(Scraped caption text data)
=-=-=

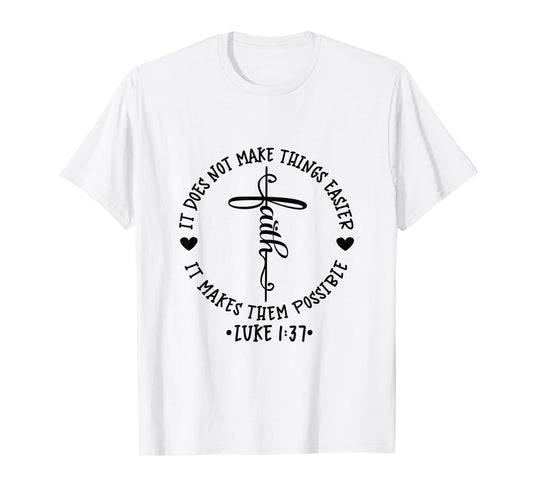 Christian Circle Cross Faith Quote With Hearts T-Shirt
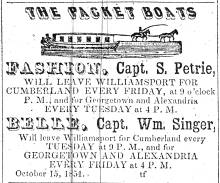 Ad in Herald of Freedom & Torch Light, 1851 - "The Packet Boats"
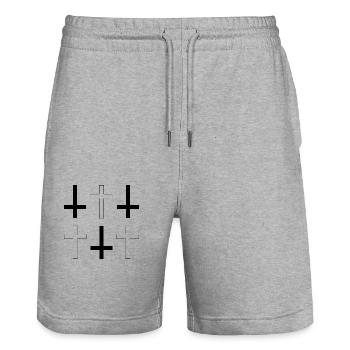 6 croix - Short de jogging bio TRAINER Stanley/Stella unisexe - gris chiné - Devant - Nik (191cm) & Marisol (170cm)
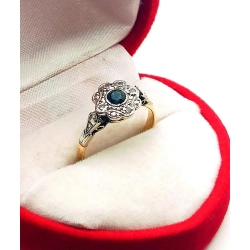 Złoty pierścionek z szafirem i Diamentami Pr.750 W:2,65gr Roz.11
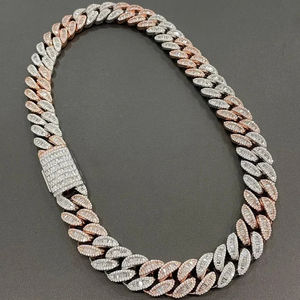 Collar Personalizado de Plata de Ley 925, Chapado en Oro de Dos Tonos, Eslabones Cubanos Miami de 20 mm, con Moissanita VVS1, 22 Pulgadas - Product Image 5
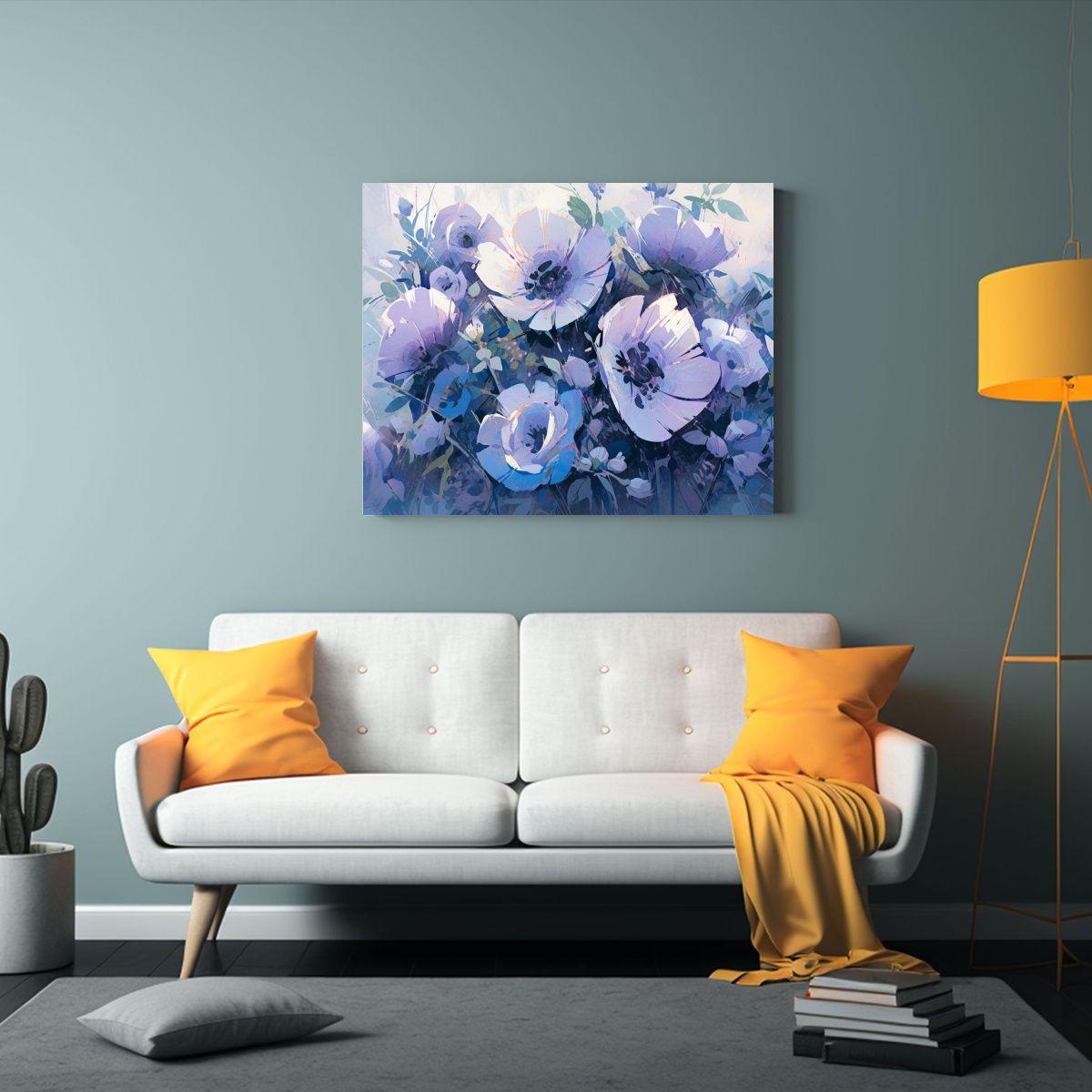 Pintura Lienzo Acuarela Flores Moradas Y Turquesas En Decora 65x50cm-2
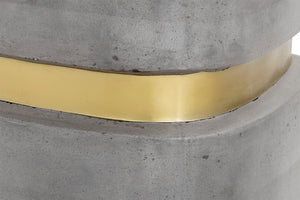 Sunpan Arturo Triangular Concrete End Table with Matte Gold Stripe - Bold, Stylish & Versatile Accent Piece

=-=-=

Please write out, word for word, only the lines from the one holding "Pintura Lienzo Acuarela" through the end of the records above, with both end lines included and the pictures dropped.

Result:
 Pintura Lienzo Acuarela Flores Moradas Y Turquesas En Decora 65x50cm-2
 Sunpan Arturo Triangular Concrete End Table with Matte Gold Stripe - Bold, Stylish & Versatile Accent Piece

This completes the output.